Method		GSO			Omni3D
	PSNR	SSIM	LPIPS	PSNR	SSIM	LPIPS
TripoSR [1]	19.85	0.753	0.265	17.68	0.745	0.277
LGM [2]	18.52	0.713	0.349	14.75	0.646	0.455
InstantMesh [3]	20.89	0.775	0.218	17.61	0.742	0.275
MeshFormer [4]	21.47	0.793	0.201	18.14	0.755	0.266
Ours	21.31	0.794	0.192	18.10	0.759	0.257

Our method demonstrates a significant advantage over TripoSR, LGM, and InstantMesh across all three metrics on both datasets. Additionally, it is comparable with MeshFormer, with slightly lower PSNR and better SSIM and LPIPS. Note that MeshFormer is specifically designed for the single-image-to-3D task, it requires multi-view consistent normals as input during its reconstruction step. This makes it unsuitable for handling sparse-view reconstruction scenarios using captured images, such as setups with OpenIllumination, where only RGB images with camera poses are available. In contrast, our method can well handle this as shown in Table 6.

We will also expand the discussion on recent works in the related work section and include the new results in the revised version.

Density threshold (Q3): Both DiffMC and standard Marching Cubes use the same density threshold, which is selected based on the overall quality of the Marching Cube mesh. During stage two fine-tuning, DiffMC maintains this threshold. In general, we observe that, without DiffMC fine-tuning, the Marching Cubes artifacts shown in the paper are unavoidable with various thresholds. While carefully tuning the threshold for a single scene can reduce the artifacts to some extent, the optimal threshold differs notably across scenes.

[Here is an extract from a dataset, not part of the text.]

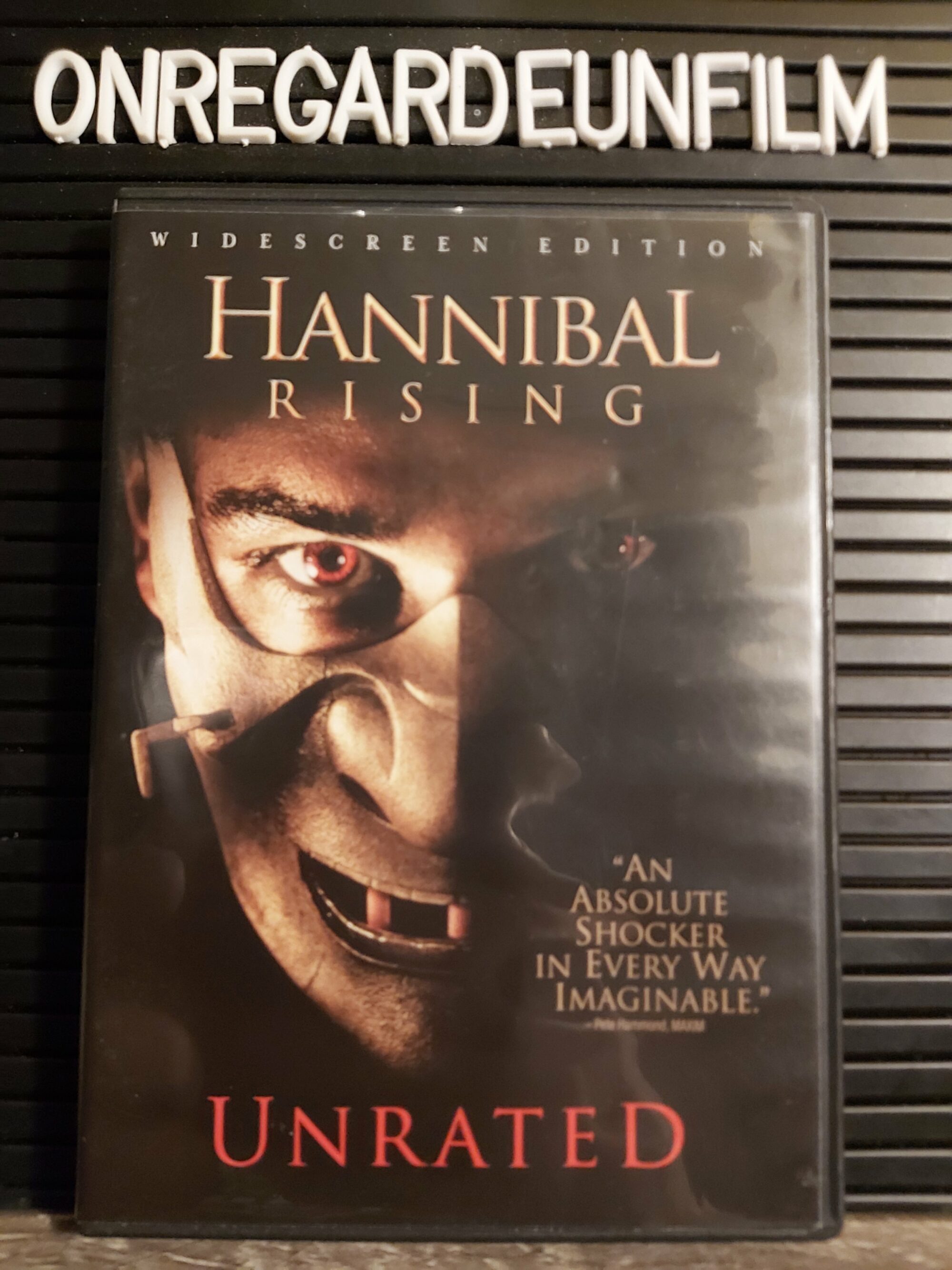 Hannibal Lecter Les Origines Du Mal Hannibal Rising 2007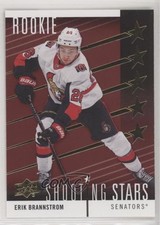 2019-20 Upper Deck Shooting Stars Rookies Red Erik Brannstrom #SS-16 08aw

Our DiffMC fine-tuning effectively resolves these issues, allowing for high-quality mesh reconstruction with the consistent pre-selected threshold.

[1] Tochilkin, Dmitry, et al. "Triposr: Fast 3d object reconstruction from a single image." arXiv (2024).

[2] Tang, Jiaxiang, et al. "Lgm: Large multi-view gaussian model for high-resolution 3d content creation." ECCV, 2025.

[3] Xu, Jiale, et al. "Instantmesh: Efficient 3d mesh generation from a single image with sparse-view large reconstruction models." arXiv (2024).

[4] Liu, Minghua, et al. "Meshformer: High-quality mesh generation with 3d-guided reconstruction model." NeurIPS (2024).

[5] Shi, Ruoxi, et al. "Zero123++: a single image to consistent multi-view diffusion base model." arXiv (2023).